Окошко неожиданно распахнулось со звоном, наружу высунулась по пояс сестра и закричала истошно на всю деревню:
– Это вы, уроды, зря небо коптите! Пьете, варвары,
– Заткнись, Верка, дай отдохнуть, – вяло урезонивал Григорий, но язык плохо слушался его. – Чего кричишь-то?.. Разоралась, худоба. На всю деревню хай. Иль мужик плохо шпаклюет?..
– А ну вас, дураки. У вас все одно на уме, – смутилась Вера, заломив голову, всмотрелась в дальний окраек Жабок. – Проспали Тему-то, пьяницы... Уже приехал...
Сизый голубь сорвался с гребня крыши и с плачущим гульканьем полетел к машине, откуда вытаскивали гроб...

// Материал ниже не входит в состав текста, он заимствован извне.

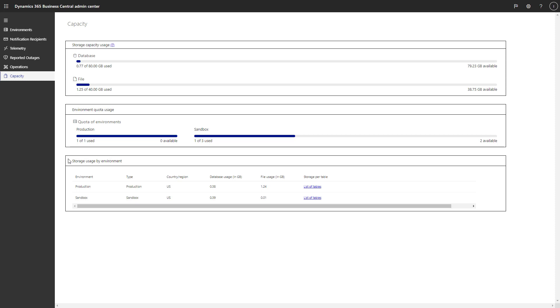Exceeding the storage limit will not interrupt transaction processing. However, we will block administrative actions that create additional environments or copies of the environments.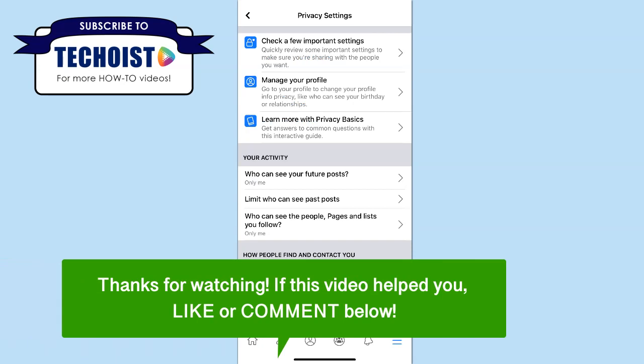If this video helped you, let us know by liking it or commenting below, and don't forget to subscribe for more how-to instructional videos!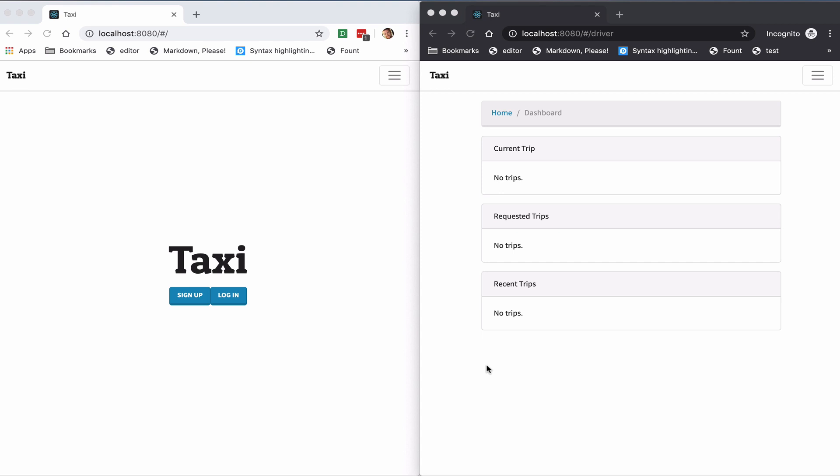So by the end of the course, you will have built a real-time ride-sharing app similar to Uber or Lyft using test-driven development.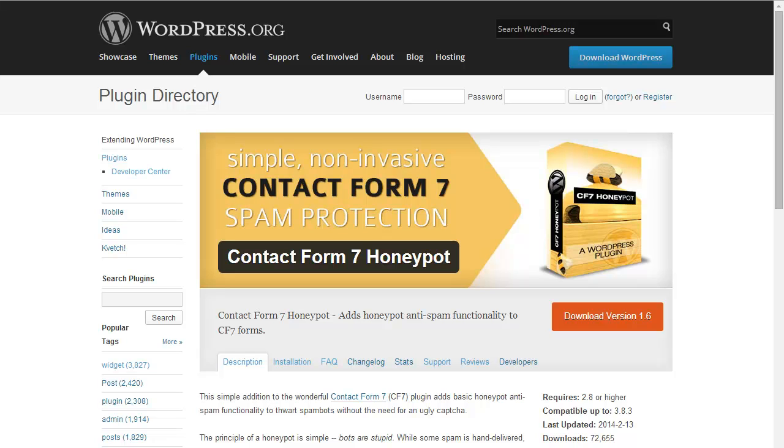This hidden field is designed to be left blank and any entry in the field will trigger a flag that a spambot is filling in the form.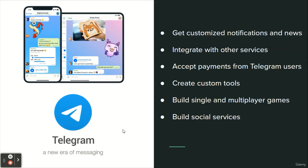Build single and multiplayer games — a bot can offer a rich HTML5 experience, from simpler cards and puzzles to 3D shooters and real-time strategy games. There is a special game bot for this purpose. You can also build social services; a bot could connect people looking for conversation partners based on common interests.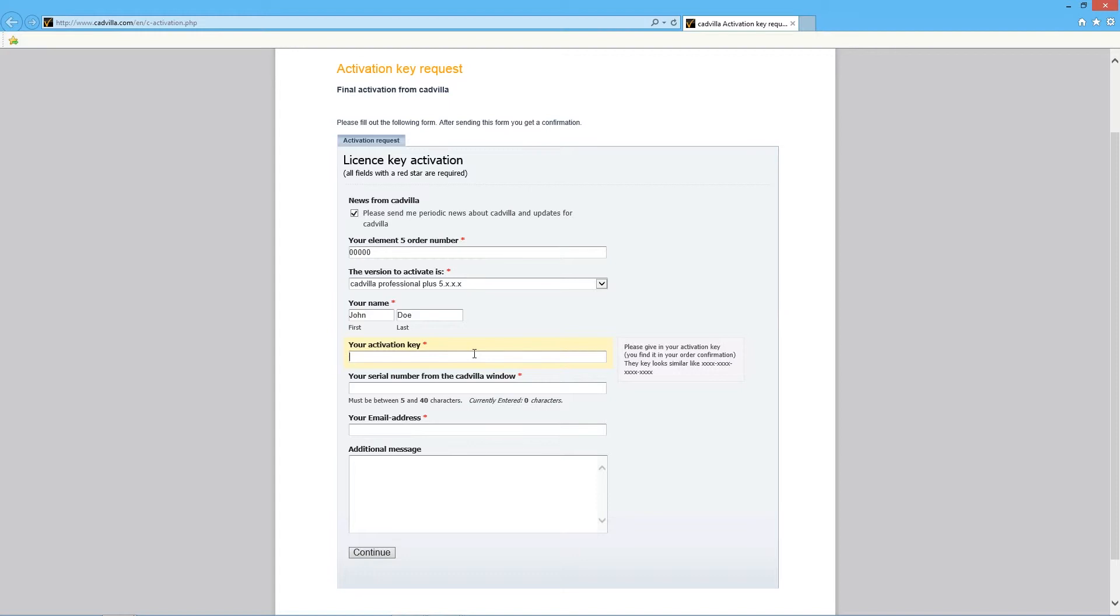Now enter your activation key. You can find the activation key in the order confirmation you received from Element 5.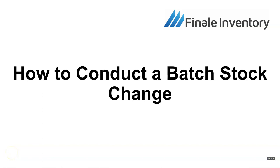Hi, this is Tamara with Finale Inventory. Today I'm going to demonstrate how to conduct a batch stock change, which is defined in Finale as changing the quantity on hand by either adding or subtracting stock.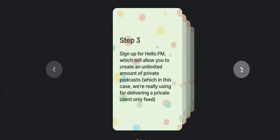Step number three, sign up for HelloAudio.fm, which will allow you to create an unlimited amount of private podcasts. That's what they call them. But I like to think of these more as customized audio coaching sessions. It's the same thing, just a different phrase. We're really using this whole process to deliver a private client only feed.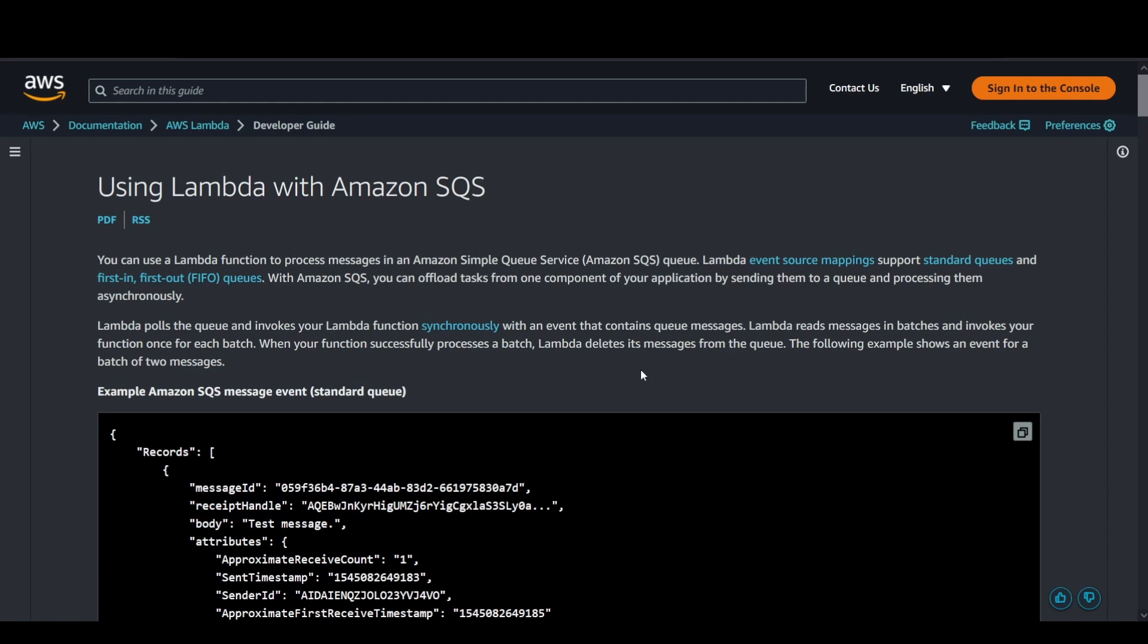In the form of batches, Lambda reads those events from the queue and invokes the function synchronously. It also takes care of the deletion of the messages available in the queue so that it doesn't land up with multiple invocations of the same message.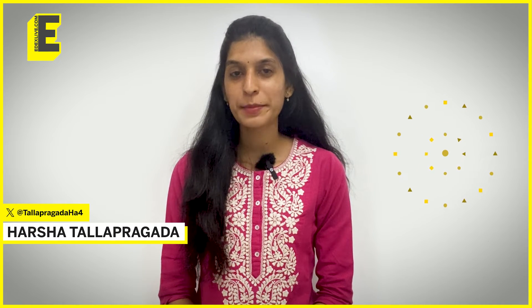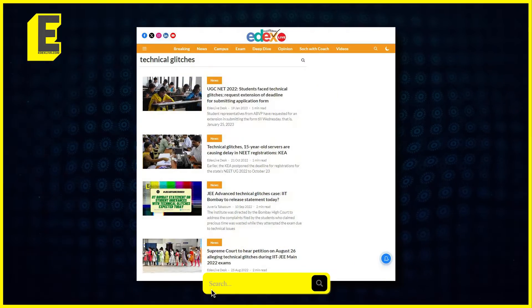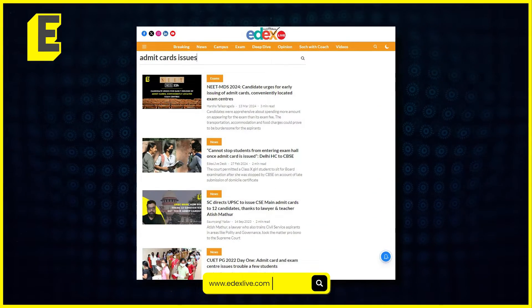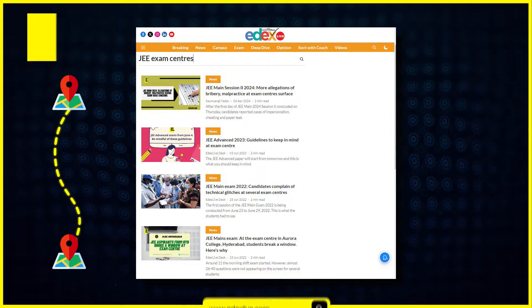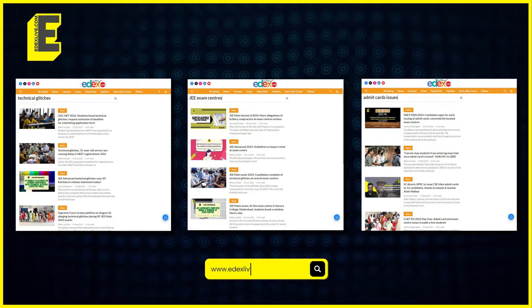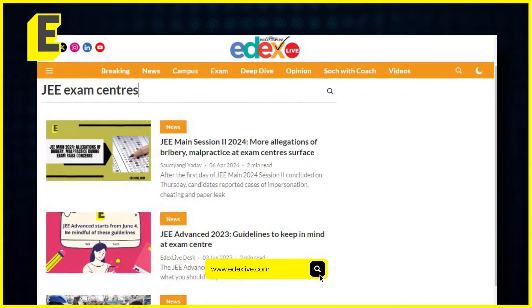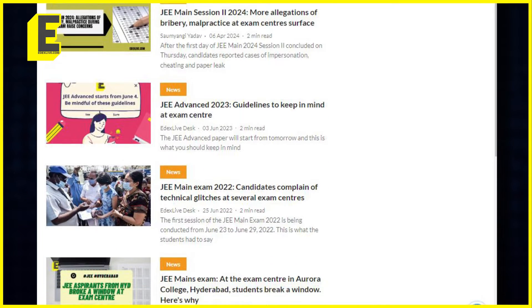Hello, I am Harsha Talla Peggada. Welcome back to a new episode of Straight Up by edXLive. Technical glitches, issues with admit cards, faraway exam centres and more — we at edXLive.com have covered all of students' concerns when it comes to examinations and how they are conducted.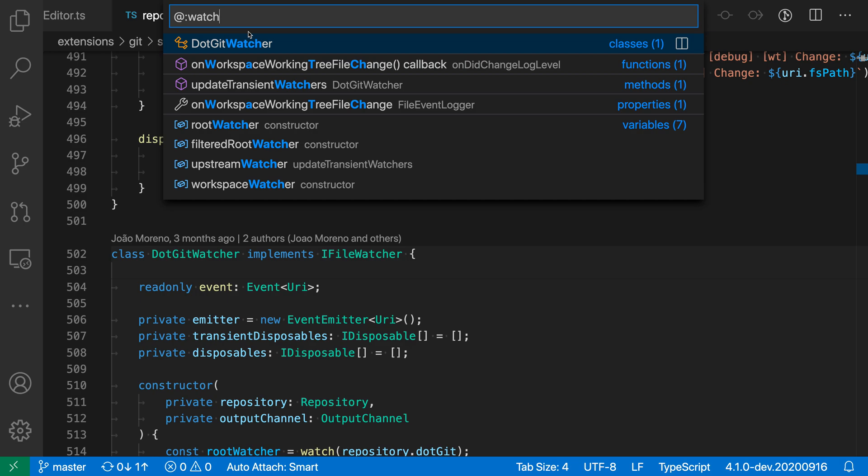Again, to group the symbols by type, all you need to do is type colon. So that's a quick look at how you can group symbols by type in the GoToSymbols view. Thank you.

Закопали Гавроша, зарыли хозяина здешних болот и лесов; больше не бегивать ему по охотничьим ухожьям, скрадывая кабана и лося, не леживать ночами у костерка под еловым выворотнем, сунув под бок полу тощей фуфайчонки, не дудеть протяжливо в ствол ружья, снимая русскую гончую с заячьего петлистого следа, не слушивать заливистых баек в хмельном гурту мужиков, съехавшихся на облавы, не встречать росных золотистых восходов и не провожать огнистых перьевых закатов, не пивать горькой водочки, закусывая луковым пером, схватывая сердцем первый внутренний жар, сначала плывущий по чревам вниз, а потом желанно ударяющий в голову какой-то медовой неповторимой истомой, от которой нестерпимо устаешь через неделю, как от тяжелой хвори, но через пару дней, отоспавшись, хочется уже заново окунуться в гибельные миражи, по невидимой лествице охотно опускаясь в бездны небытия... Как странно смотреть внутренним оком на череду людей, лишь на мгновение встречающихся друг с другом, когда одни, ломая ногти, усердно взбираются в небо к Господу, другие по той же лествице с такой же страстью опускаются вниз к дьяволу, в смрадные провалища... У пьяницы, сознательно убивающего жизнь, наверное, есть какой-то символ своей веры, похожий на очарование смертью, иль им управляет уверенность, что он непременно вернется на землю?.. Это, наверное, здорово – умереть, не чая уж и родиться, а потом снова, подобно рыбе, всплыть под солнце из водяного кружала. И вот таким образом подвигнуть себя множество раз к невообразимому воскрешению, не пугаясь остаться у диавола в штрафниках, но удивляясь лишь, как только терпит организм такую неимоверную натугу, будто выкован он из сверхпрочных металлов.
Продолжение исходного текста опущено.